Under the terms of the Securitization Program, the Company contributes the trade receivables of its participating subsidiaries on a revolving basis to a wholly-owned, bankruptcy-remote subsidiary, which then sells the receivables to unaffiliated banks. The Securitization Program does not receive off-balance sheet accounting treatment due to the Company’s ability to repurchase the receivables in certain circumstances.
At June 30, 2021, the Company had no outstanding borrowings and $125.5 million of letters of credit issued under the Securitization Program. The letters of credit were primarily in support of reclamation obligations.
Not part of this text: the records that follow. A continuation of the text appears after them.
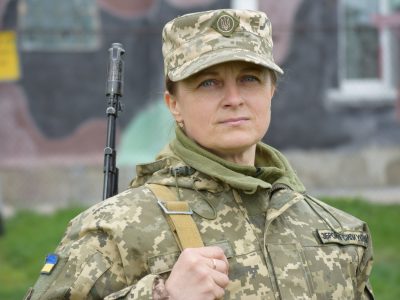 Ламаючи стереотипи: як вчителька у минулому нині охороняє та обороняє військовий аеродром  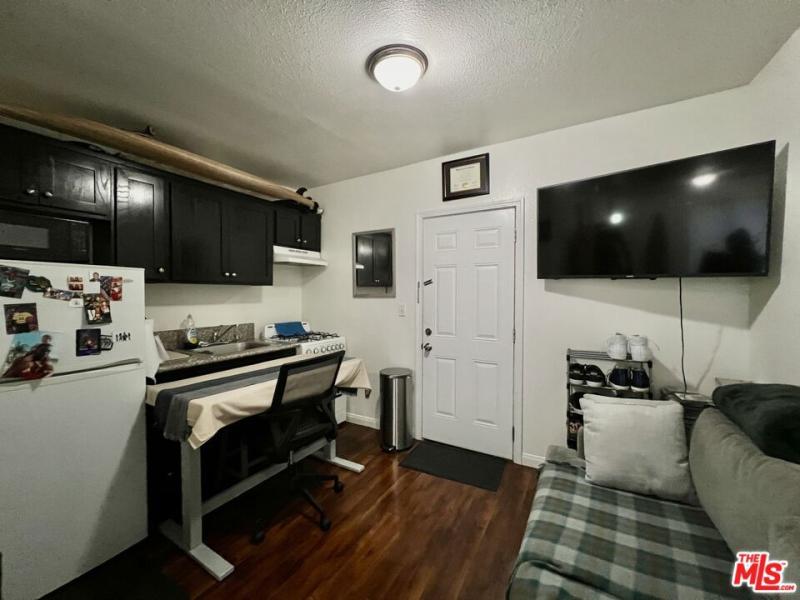 MLS #25522925 img 0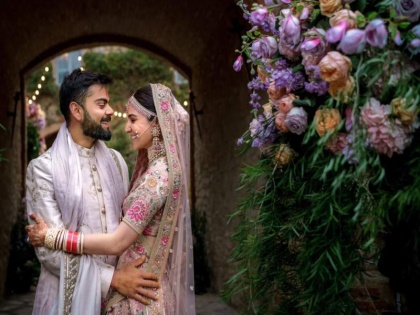 On the first birthday of the wedding, Virat Kohli gave 'special' wishes anushka sharma | लग्नाच्या पहिल्या वाढदिवशी विराटने अनुष्काला दिल्या 'या' खास शुभेच्छा
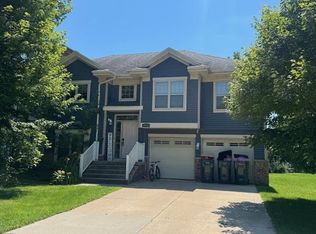 515 Progress Dr, Cottage Grove, WI 53527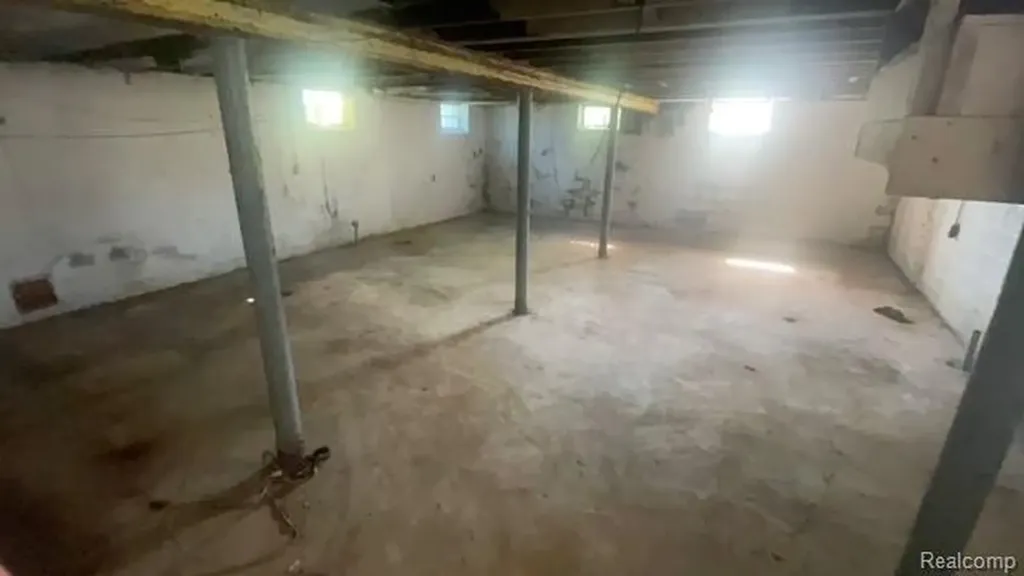 13042 Evanston Street Detroit City MI 48213
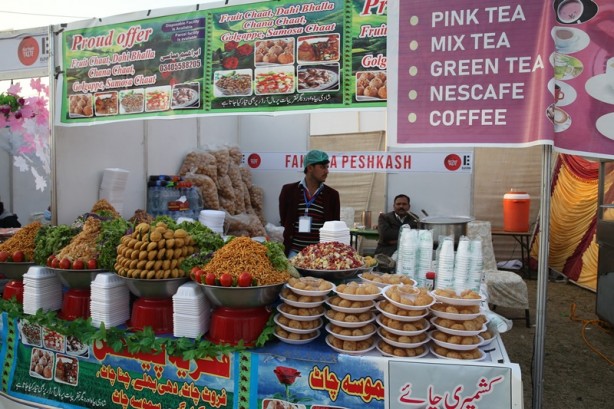 Türk işletmeciler de var! Pakistan'da yemek festivali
Availability under the Securitization Program, which is adjusted for certain ineligible receivables, was $0.3 million at June 30, 2021. The Company had $13.6 million of cash collateral posted under the Securitization Program at June 30, 2021 due to outstanding letters of credit temporarily exceeding the balance of eligible receivables at quarter-end and none at December 31, 2020. This cash collateral is recorded as “Restricted cash” in the accompanying condensed consolidated balance sheets.
The Company incurred interest and fees associated with the Securitization Program of $0.7 million and $0.8 million during the three months ended June 30, 2021 and 2020, respectively, and $1.4 million and $1.5 million during the six months ended June 30, 2021 and 2020, respectively, which have been recorded as “Interest expense” in the accompanying unaudited condensed consolidated statements of operations.
Other
Substantially all of the Company’s U.S. subsidiaries provide financial guarantees under long-term debt agreements entered into by the Company. The maximum amounts payable under the Company’s debt agreements are equal to the respective principal and interest payments.